→ **Supplied entries**
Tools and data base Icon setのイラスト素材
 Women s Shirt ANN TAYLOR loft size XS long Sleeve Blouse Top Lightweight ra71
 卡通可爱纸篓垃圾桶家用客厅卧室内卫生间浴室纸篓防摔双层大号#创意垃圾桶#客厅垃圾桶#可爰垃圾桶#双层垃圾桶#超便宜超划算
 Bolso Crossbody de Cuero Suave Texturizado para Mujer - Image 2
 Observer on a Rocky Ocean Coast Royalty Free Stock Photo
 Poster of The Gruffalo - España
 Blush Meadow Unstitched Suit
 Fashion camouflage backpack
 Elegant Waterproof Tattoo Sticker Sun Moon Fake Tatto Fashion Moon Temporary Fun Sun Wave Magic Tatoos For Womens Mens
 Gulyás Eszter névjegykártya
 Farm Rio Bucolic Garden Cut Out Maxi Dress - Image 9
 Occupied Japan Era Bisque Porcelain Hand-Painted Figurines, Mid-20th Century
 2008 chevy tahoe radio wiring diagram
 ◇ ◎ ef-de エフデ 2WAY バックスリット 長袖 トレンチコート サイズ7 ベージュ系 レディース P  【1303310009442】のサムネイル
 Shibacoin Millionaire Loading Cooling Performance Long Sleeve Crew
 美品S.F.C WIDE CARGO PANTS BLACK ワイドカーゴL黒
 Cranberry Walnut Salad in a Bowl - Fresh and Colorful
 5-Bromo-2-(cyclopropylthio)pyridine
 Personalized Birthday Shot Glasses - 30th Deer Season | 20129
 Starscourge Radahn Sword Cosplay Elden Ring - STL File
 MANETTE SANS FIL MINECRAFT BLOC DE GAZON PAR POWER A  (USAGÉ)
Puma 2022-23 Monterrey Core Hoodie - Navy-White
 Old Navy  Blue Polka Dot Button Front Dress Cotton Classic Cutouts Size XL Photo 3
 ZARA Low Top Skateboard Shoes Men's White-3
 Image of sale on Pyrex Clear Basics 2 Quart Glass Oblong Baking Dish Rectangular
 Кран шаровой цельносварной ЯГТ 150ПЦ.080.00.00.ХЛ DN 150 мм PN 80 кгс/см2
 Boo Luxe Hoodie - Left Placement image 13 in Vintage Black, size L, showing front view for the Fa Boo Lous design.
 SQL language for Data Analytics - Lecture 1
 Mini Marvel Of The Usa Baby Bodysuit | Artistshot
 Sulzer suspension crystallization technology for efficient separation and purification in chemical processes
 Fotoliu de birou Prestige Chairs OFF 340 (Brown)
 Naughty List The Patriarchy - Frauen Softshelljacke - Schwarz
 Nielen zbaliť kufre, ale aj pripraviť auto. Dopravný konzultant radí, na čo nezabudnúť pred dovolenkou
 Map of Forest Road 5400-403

→ **Requirement**
Repeat word for word the lines above that run from the line containing "Starscourge Radahn Sword" through the line containing "Image of sale", both ends included, and nothing else.

→ **Exercise result**
 Starscourge Radahn Sword Cosplay Elden Ring - STL File
 MANETTE SANS FIL MINECRAFT BLOC DE GAZON PAR POWER A  (USAGÉ)
Puma 2022-23 Monterrey Core Hoodie - Navy-White
 Old Navy  Blue Polka Dot Button Front Dress Cotton Classic Cutouts Size XL Photo 3
 ZARA Low Top Skateboard Shoes Men's White-3
 Image of sale on Pyrex Clear Basics 2 Quart Glass Oblong Baking Dish Rectangular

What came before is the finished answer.